Top of Input data

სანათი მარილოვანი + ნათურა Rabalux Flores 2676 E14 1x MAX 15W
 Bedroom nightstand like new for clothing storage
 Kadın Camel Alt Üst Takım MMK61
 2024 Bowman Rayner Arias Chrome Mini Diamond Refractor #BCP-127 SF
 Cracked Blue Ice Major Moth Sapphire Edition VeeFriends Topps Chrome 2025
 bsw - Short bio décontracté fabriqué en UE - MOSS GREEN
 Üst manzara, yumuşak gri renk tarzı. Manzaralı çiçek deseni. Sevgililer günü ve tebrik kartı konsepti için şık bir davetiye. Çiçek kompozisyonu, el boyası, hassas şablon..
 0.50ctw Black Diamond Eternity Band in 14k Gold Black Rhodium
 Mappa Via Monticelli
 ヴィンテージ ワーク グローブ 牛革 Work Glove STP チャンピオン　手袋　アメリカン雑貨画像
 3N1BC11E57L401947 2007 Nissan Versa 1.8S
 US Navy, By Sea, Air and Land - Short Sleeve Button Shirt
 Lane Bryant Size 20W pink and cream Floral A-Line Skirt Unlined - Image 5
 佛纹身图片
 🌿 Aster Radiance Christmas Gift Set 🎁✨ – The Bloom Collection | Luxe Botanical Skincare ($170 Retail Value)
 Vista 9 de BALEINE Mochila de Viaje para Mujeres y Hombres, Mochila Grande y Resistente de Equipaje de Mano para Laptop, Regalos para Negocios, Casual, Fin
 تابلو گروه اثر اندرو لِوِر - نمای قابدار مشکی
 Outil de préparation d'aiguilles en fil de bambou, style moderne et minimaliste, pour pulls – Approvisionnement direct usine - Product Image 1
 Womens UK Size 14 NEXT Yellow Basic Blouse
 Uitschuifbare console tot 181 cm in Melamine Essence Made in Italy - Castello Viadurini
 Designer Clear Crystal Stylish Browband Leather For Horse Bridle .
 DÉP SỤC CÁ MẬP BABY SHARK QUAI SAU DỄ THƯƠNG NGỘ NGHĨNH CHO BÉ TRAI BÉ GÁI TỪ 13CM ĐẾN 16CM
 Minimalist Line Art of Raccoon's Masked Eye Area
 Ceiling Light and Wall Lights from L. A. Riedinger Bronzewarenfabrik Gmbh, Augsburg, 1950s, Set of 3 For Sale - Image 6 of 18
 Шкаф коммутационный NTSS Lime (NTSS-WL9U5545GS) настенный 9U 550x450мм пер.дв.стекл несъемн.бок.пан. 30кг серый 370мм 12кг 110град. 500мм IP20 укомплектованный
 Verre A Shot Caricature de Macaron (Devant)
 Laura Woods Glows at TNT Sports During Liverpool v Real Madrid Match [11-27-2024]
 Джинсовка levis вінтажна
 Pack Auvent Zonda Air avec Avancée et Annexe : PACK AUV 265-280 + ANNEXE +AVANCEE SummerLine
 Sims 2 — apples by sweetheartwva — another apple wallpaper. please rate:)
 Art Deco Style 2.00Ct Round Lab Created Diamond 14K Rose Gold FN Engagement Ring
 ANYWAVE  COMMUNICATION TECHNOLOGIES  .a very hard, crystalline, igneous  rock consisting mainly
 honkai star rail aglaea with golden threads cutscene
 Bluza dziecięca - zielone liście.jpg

Bottom of Input data

*Problem statement*
Output nothing but the lines from the one that contains "Sims 2 — apples" through the final line of the entries above, exactly as they appear.

*Result below*
 Sims 2 — apples by sweetheartwva — another apple wallpaper. please rate:)
 Art Deco Style 2.00Ct Round Lab Created Diamond 14K Rose Gold FN Engagement Ring
 ANYWAVE  COMMUNICATION TECHNOLOGIES  .a very hard, crystalline, igneous  rock consisting mainly
 honkai star rail aglaea with golden threads cutscene
 Bluza dziecięca - zielone liście.jpg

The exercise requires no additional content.